Questo libro è il frutto dell’applicazione della filiera di trattamento delle fonti che Banda del racconto ha sperimentato e via via affinato nel corso degli anni. Punto di partenza sono le storie narrate da Nazzareno Battaglini. Alcune di esse sono state registrate nel corso di lezioni tenute a studenti di vari gradi d’istruzione, da quelli della scuola primaria agli universitari, come nel caso degli apprendisti narratori di comunità del master di I livello attivo presso l’Università degli studi della Tuscia di Viterbo. Altre parti del testo scaturiscono dalla traslitterazione di interviste. Queste ultime sono state realizzate da Davide Ghaleb nei locali dell’omonima casa editrice. La trascrizione, per la cui realizzazione ci si è attenuti a norme convenzionali applicate ad altri corpus pubblicati in questa stessa collana, è opera di Elia Ghaleb sotto la supervisione di Gabriella Norcia, la quale ha anche curato il montaggio narrativo delle fonti. Questo significa che sono stati operati dei tagli e delle cuciture rispetto al fluire dei discorsi registrati. Tutto ciò facendo attenzione a mai determinare un rivolgimento del senso di quanto detto da Nazzareno. Il taglio di alcuni passaggi, o l’assemblaggio di alcuni brani in un ordine non corrispondente alla sequenza con la quale essi sono stati registrati, è solo apparentemente un tradimento della fonte. Perché – e in questo risiede la cifra del lavoro critico e interpretativo che contraddistingue i volumi pubblicati in questa collana – porre in tensione e creare dei corti circuiti tra i segmenti della narrazione per come è stata consegnata ha consentito di guadagnare una comprensione più profonda del pensiero di Nazzareno, di accedere ad un livello di verità non immediatamente accessibile.

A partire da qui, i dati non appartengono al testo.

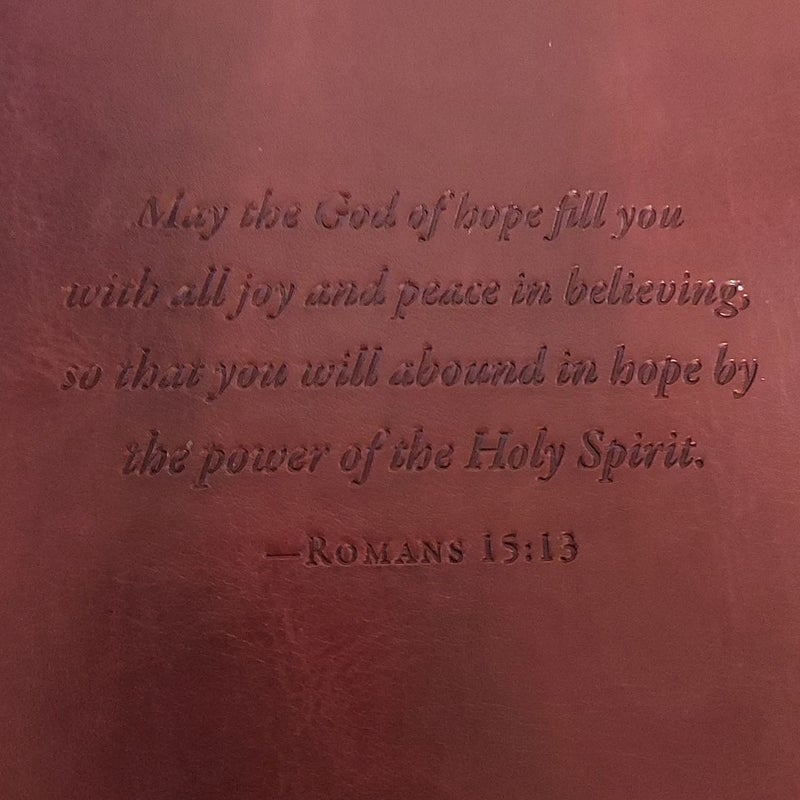 Jesus, Our Perfect Hope
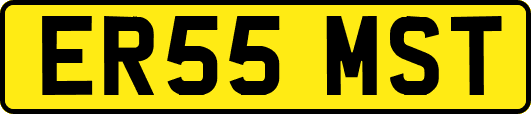 ER55MST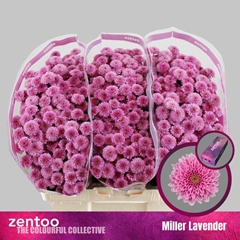 Chr S Miller Lavende 55cm 100g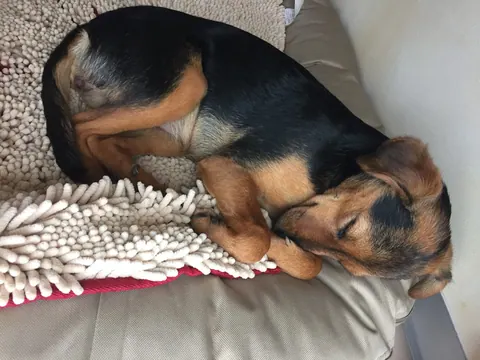Hund schläft auf einem Kissen
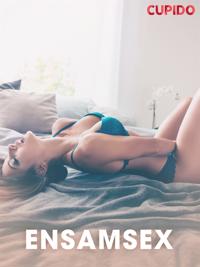 Ensamsex - erotiska noveller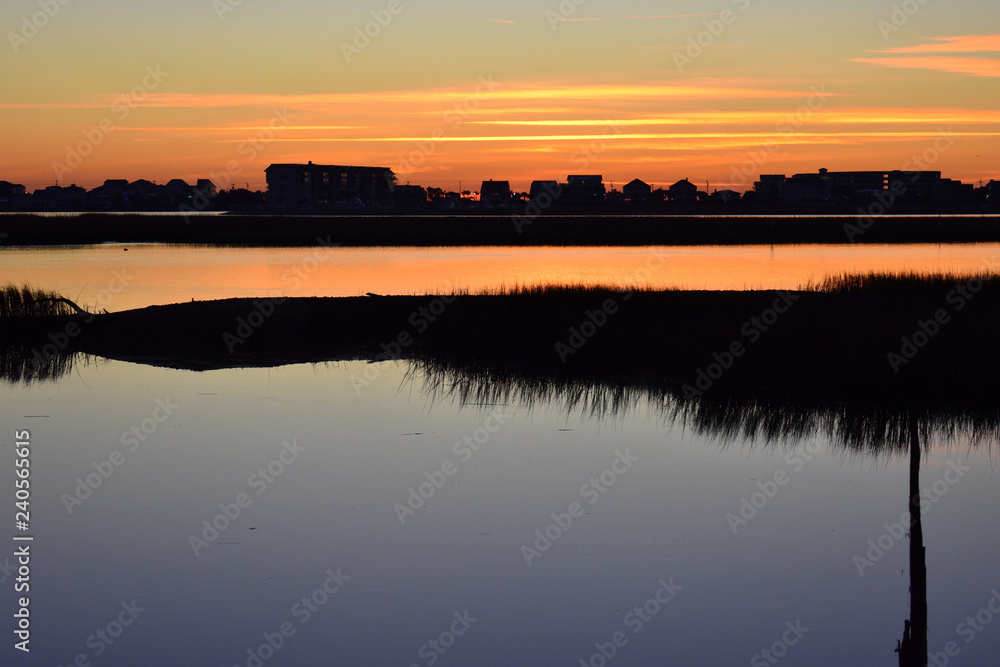 Marsh Life Dawn Marsh Life Dawn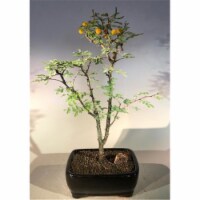 Bonsai Boy e1484 Flowering Dwarf Sweet Acacia Bonsai Tree - Acacia Farnesiana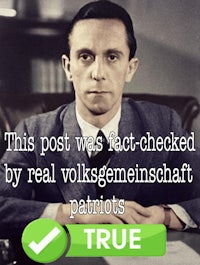 this post was fact checked by real volkswagen
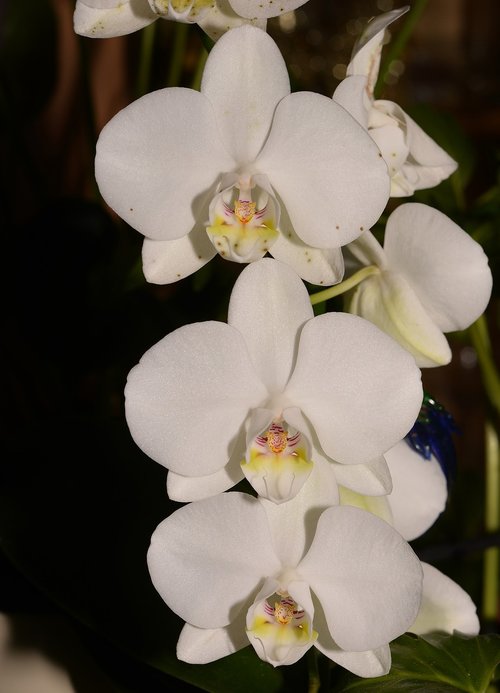 Orchidėjų,  Atogrąžų Miškai,  Žiedas,  Žydėjimas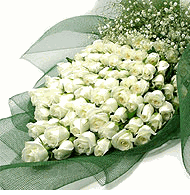 White Roses 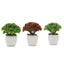 3-Pack Joy Sedum Artificial Succulents in Ceramic Pots - Lifelike Decorative Faux Plants for Home Office & Event Design 6"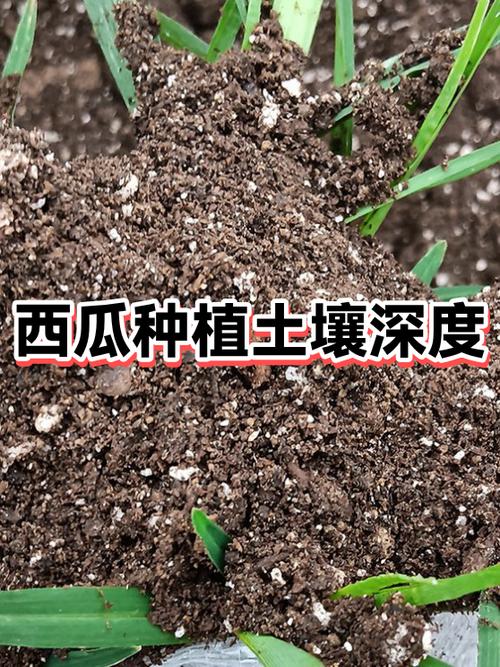 西瓜的种植技术和管理方法缩略图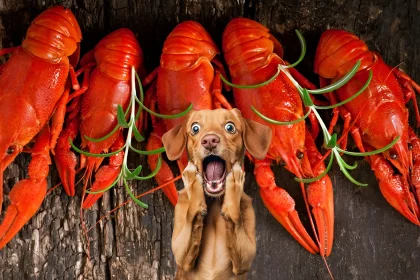 can dogs have crawfish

La fiaba di Cardellino, ad esempio, compare in diversi capitoli del libro. Avrebbe avuto senso, in considerazione della necessità di economizzare gli spazi e di rendere scorrevole la lettura dell’opera, emendarla per evitare inutili ridondanze. Si è scelto di perseguire un’altra strada. Si è optato per riportarla ogniqualvolta essa è venuta a cadenza perché costituisce un elemento forte e ricorrente delle performance narrative di Nazzareno. Perché una cosa appare chiara, e va sottolineata. Nazzareno, sia nelle interviste, ma soprattutto nelle sue lezioni, espone la sua visione dell’agricoltura, che poi è una visione del mondo, come atto riflesso, con consapevolezza. Il suo è un linguaggio levigato. Il parto di una poetica. Nazzareno esprime padronanza non soltanto rispetto ai contenuti di cui parla, ma anche al modo in cui lo fa. In questo senso la ripetizione corrisponde ad una precisa strategia retorica. Non c’è nulla di naif nel modo in cui Nazzareno si rapporta ai suoi interlocutori e nel suo modo di raccontare. La sua è una narrazione, sapientemente costruita e ripetutamente sperimentata, fatta di blocchi, di segmenti che di volta in volta vengono ricombinati in sequenza tra loro. Il fatto che la fiaba di Cardellino (che poi è anche il nome dell’azienda fondata da Nazzareno) venga riproposta in maniera pressoché regolare in ogni occasione rende la stessa il vero e proprio mito di fondazione del modo di vita e di lavoro di cui Nazzareno è artefice.